SQL & PL/SQL

Announcement

For appeals, questions and feedback about Oracle Forums, please email oracle-forums-moderators_us@oracle.com. Technical questions should be asked in the appropriate category. Thank you!

Incorrect cardinality estimates on join (and odd behavior with parallel hint)

DaithiJul 17 2017 — edited Jul 17 2017

Running Oracle 12.1.0.2.0 on Solaris Sparc 11.3.

I have a query I've been asked to optimize. After replacing views with base tables and eliminating redundant joins, replacing joins with exists were their only use was to filter results etc... I was left with something that ran pretty well.
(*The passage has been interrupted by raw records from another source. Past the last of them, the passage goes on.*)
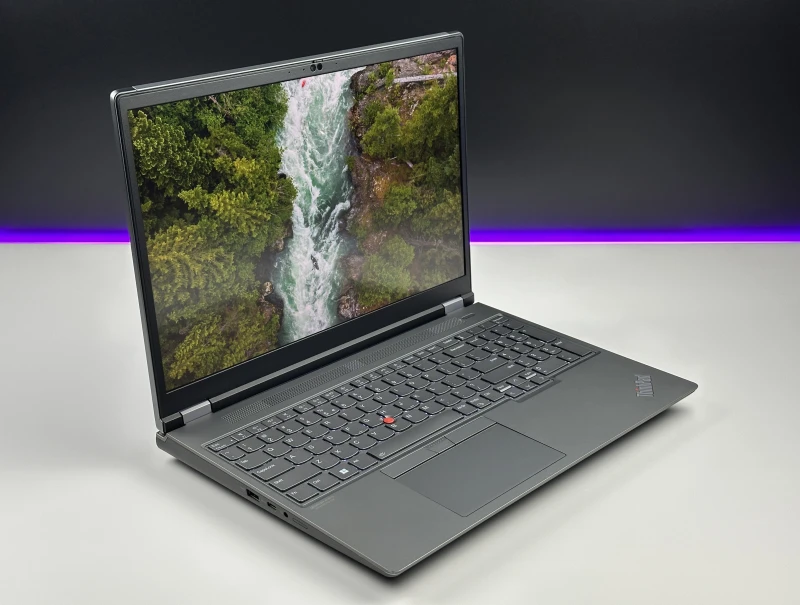 Lenovo ThinkPad P16 Gen 1 z i7-12850HX, ekranem 16" 4K UHD+ i RTX A5500. Stacja robocza z 4 slotami RAM DDR5 i czytnikiem linii papilarnych.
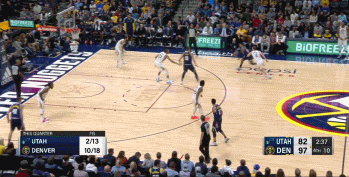 约基奇击地助攻哈里斯暴扣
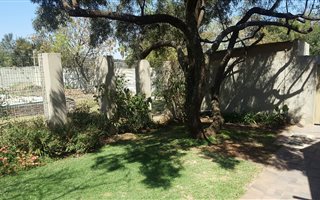 1 Bedroom Garden Cottage in Kyalami AH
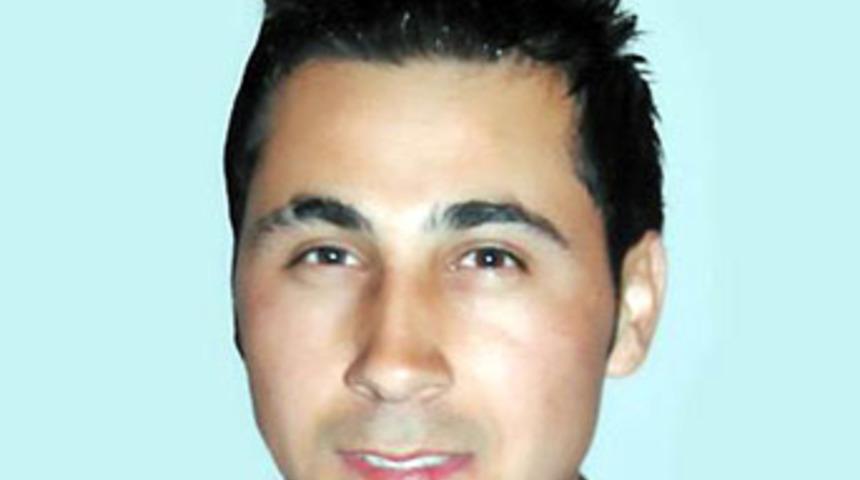 Minib&uuml;s şof&ouml;r&uuml;n&uuml;n boğazını kesti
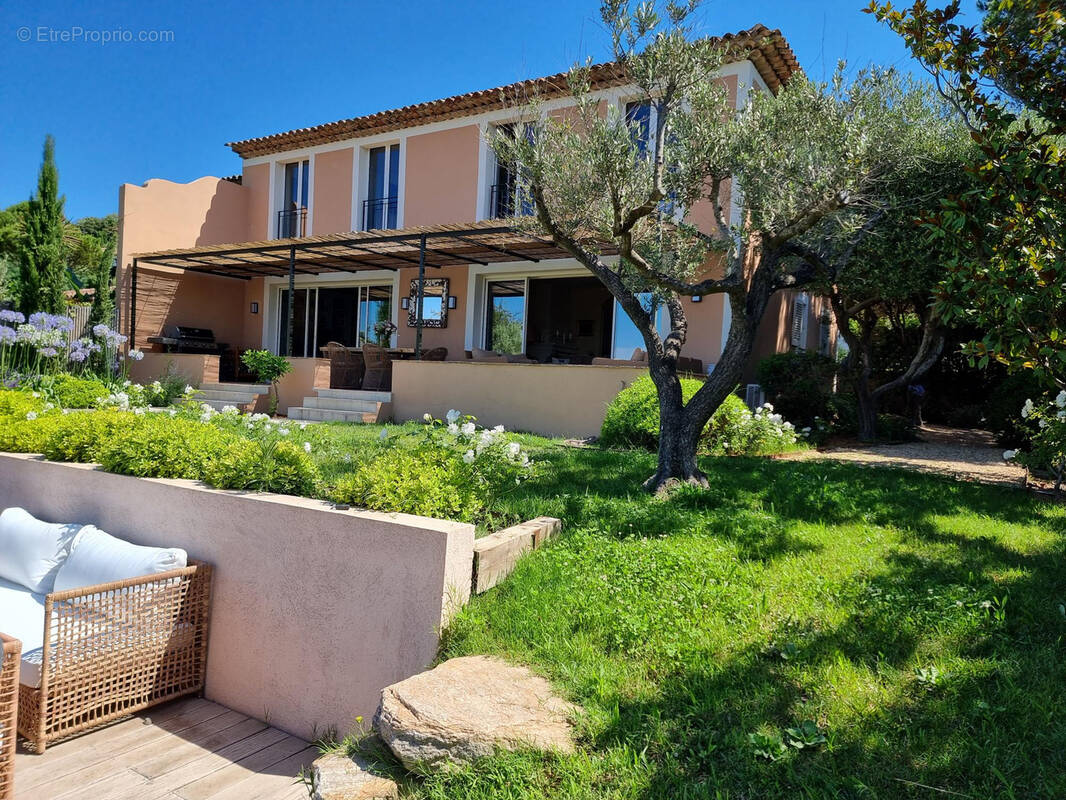 Maison à GASSIN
But... I did notice that the execution plan was producing some pretty incorrect cardinality estimates. I narrowed in on the pieces that are causing the problem and was left with the following query.

select  /*+ PARALLEL(2) DW2*/
        i.ods_invoice_id
,       il.offering_id
from    invoice_ods_admin.invoice i
,       invoice_ods_admin.invoice_line il
where   1=1
and     i.current_ind = 1
and     i.ods_invoice_id = il.ods_invoice_id
and     i.delivery_date = il.delivery_date
and     i.delivery_date between to_date('05/28/2017','mm-dd-yyyy') and to_date('07/09/2017','mm-dd-yyyy');

The original query submitted had hard-coded dates instead of bind variables (which I asked them to change) but to replicate the issue, I am keeping them here. The estimates for each individual table are pretty correct. 17.8M in INVOICE_LINE table and 1.4M in INVOICE table.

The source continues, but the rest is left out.